# Mec Gar magazines, blued or stainless?



## toopercentmlk (Apr 25, 2007)

I'm in need of some 10rd magazines so I can legally practice with my new M9A1 and I'm set on Mec Gar. My question is how necessary is it that I opt for the stainless mags which apparently are slicker than their blued counterparts, they're just a few dollars more but I have a feeling that their shiny appearance will get on my nerves. If someone here can tell me that the blued magazines are slick enough, or that the stainless steal magazines are the only way to go I will make up my mind.
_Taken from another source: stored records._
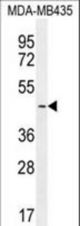 LEF1 Antibody western blot of MDA-MB435 cell line lysates (35 ug/lane). The LEF1 antibody detected the LEF1 protein (arrow).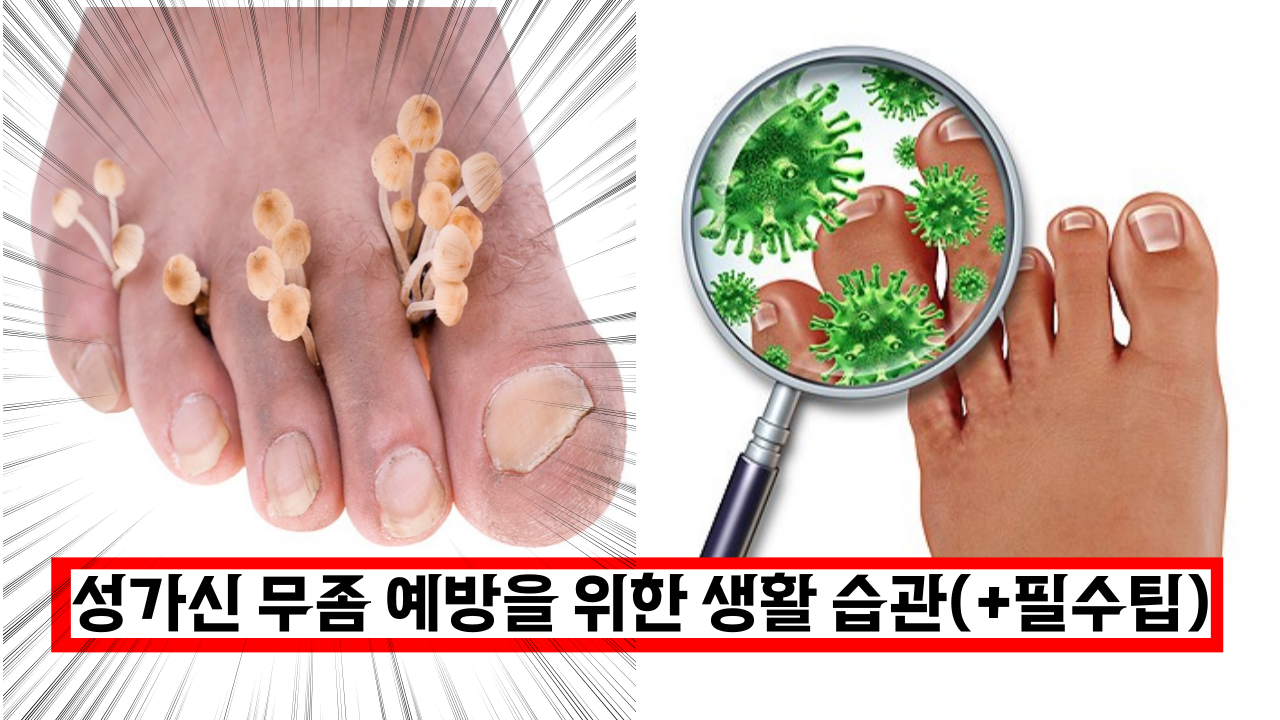  전문가가 말하는 성가신 무좀 예방을 위한 생활 습관(+필수팁)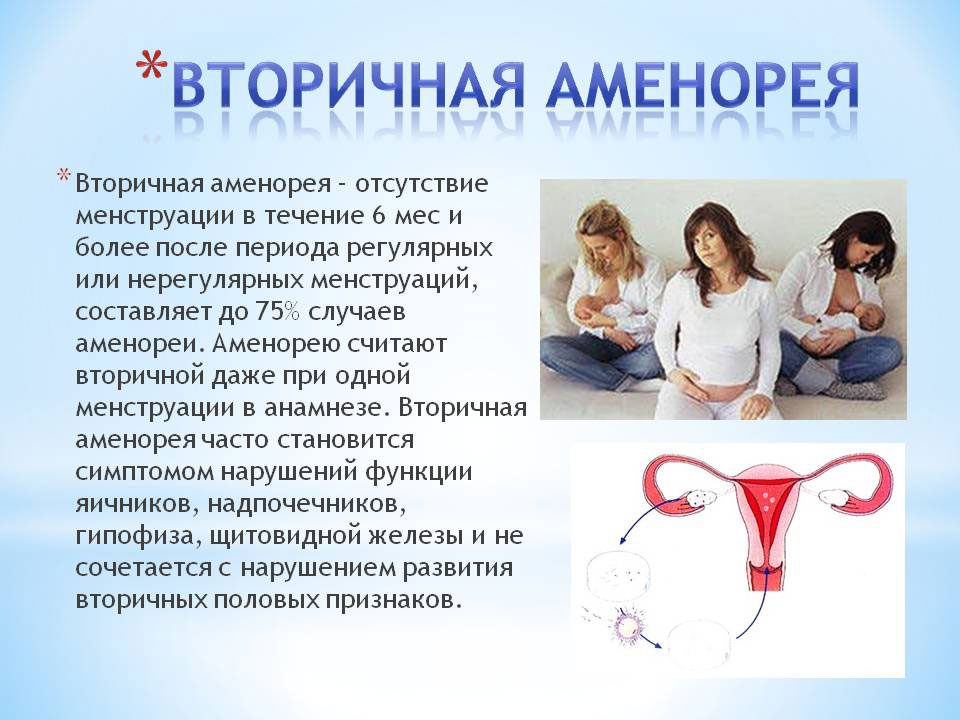 Amenorrhea primary and secondary: causes and treatment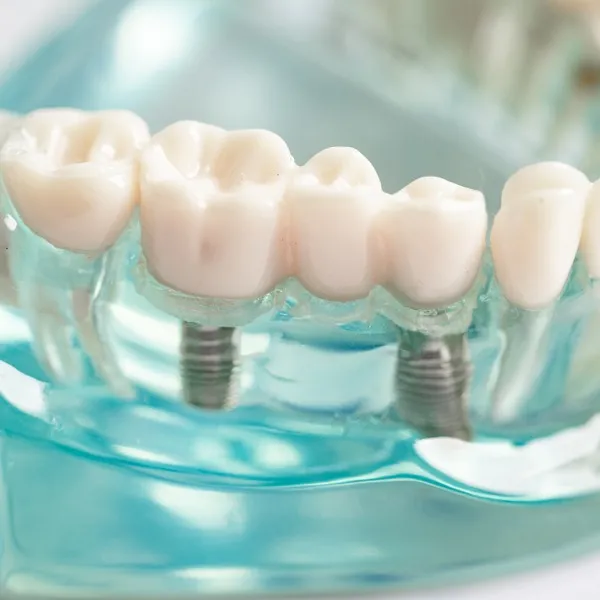 Model of dental implants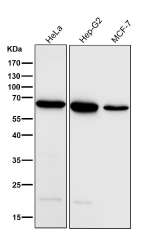 All lanes use the ACADVL antibody at 1:5000 dilution for 1 hour at room temperature. Predicted molecular weight ~68 kDa.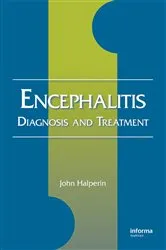 Book cover of Encephalitis by John Halperin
THANK YOU!:smt1099


----------



## 8Eric6 (May 9, 2010)

i don't know about beretta but, the blued mec gar mags I bought for my sig p226 are slicker than the Sig (mec gar) mags that came with my 226 I think they'd be fine but again I have no experience with the mec gar with beretta.


----------



## 8Eric6 (May 9, 2010)

8Eric6 said:


> i don't know about beretta but, the blued mec gar mags I bought for my sig p226 are slicker than the Sig (mec gar) mags that came with my 226 I think they'd be fine but again I have no experience with the mec gar with beretta.


but doesn't mec gar make berettas mags?


----------



## cougartex (Jan 2, 2010)

Check out CDNN.

Beretta Mags


----------